Exercise prompt
Would you please retype, exactly, the lines of the listing below between the line with "Mytikas Villa | Melior Villas" and the line with "Ame - Korean", inclusive?

Supplied entries
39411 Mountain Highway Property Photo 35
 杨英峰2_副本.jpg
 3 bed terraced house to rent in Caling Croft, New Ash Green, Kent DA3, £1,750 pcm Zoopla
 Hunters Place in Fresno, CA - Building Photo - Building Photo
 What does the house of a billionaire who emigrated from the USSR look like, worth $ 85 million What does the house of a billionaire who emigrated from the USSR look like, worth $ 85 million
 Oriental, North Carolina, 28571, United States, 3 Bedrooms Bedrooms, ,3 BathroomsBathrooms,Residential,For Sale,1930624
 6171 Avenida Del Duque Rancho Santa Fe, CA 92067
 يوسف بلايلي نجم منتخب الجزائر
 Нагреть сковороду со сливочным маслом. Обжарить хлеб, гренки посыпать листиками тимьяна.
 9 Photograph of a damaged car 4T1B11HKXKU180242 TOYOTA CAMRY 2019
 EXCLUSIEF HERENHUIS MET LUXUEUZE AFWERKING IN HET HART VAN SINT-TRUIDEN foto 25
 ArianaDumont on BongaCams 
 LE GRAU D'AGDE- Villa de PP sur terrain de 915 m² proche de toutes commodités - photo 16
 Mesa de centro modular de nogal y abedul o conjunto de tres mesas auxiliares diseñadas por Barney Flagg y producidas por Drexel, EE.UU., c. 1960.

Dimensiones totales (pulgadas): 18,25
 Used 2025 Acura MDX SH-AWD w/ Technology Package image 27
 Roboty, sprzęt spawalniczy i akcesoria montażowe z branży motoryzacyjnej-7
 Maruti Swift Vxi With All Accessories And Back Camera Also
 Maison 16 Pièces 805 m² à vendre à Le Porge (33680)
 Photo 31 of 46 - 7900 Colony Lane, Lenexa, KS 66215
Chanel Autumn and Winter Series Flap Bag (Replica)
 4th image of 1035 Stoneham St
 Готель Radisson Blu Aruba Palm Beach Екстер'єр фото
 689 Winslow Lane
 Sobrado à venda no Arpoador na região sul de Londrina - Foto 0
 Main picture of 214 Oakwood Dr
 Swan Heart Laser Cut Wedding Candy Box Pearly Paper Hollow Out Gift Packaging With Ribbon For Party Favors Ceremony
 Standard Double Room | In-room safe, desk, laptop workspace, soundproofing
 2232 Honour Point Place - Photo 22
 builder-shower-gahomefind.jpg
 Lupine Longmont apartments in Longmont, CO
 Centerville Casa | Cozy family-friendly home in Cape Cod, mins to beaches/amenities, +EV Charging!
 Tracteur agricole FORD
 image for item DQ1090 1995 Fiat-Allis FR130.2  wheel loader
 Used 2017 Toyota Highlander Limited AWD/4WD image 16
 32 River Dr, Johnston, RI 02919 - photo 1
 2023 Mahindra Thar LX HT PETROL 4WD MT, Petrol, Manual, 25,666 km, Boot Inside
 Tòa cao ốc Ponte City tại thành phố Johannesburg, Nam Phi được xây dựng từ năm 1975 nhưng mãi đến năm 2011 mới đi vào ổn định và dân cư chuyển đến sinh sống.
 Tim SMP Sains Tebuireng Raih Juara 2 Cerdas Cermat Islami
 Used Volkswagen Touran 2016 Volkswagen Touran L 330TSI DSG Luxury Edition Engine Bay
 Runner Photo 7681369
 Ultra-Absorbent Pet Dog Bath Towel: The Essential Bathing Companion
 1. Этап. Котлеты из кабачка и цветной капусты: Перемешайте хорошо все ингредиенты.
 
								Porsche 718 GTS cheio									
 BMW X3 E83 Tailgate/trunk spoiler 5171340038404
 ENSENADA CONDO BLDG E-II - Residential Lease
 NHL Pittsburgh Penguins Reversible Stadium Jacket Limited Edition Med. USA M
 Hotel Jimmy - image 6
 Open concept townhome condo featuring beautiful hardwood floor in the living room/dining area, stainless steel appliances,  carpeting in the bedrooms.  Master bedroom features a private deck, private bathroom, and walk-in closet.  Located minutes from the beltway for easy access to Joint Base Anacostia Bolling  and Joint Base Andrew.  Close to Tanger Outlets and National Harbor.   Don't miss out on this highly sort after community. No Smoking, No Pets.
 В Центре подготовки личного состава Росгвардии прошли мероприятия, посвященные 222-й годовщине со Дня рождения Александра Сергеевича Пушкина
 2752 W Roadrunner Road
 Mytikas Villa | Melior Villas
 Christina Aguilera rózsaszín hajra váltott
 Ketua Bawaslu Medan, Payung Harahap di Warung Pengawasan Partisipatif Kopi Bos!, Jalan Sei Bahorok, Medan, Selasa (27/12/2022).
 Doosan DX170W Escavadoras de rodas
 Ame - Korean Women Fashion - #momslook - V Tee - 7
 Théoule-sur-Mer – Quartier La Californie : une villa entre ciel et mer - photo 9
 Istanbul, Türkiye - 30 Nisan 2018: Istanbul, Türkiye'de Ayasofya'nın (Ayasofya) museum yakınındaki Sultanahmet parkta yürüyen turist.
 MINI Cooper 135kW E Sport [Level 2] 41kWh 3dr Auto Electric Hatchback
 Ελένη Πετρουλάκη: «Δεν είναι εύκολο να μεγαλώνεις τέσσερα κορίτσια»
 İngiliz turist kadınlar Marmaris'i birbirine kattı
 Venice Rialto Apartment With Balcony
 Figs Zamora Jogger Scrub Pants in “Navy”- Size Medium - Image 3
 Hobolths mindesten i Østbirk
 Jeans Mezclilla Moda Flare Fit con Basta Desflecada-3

Task response
 Mytikas Villa | Melior Villas
 Christina Aguilera rózsaszín hajra váltott
 Ketua Bawaslu Medan, Payung Harahap di Warung Pengawasan Partisipatif Kopi Bos!, Jalan Sei Bahorok, Medan, Selasa (27/12/2022).
 Doosan DX170W Escavadoras de rodas
 Ame - Korean Women Fashion - #momslook - V Tee - 7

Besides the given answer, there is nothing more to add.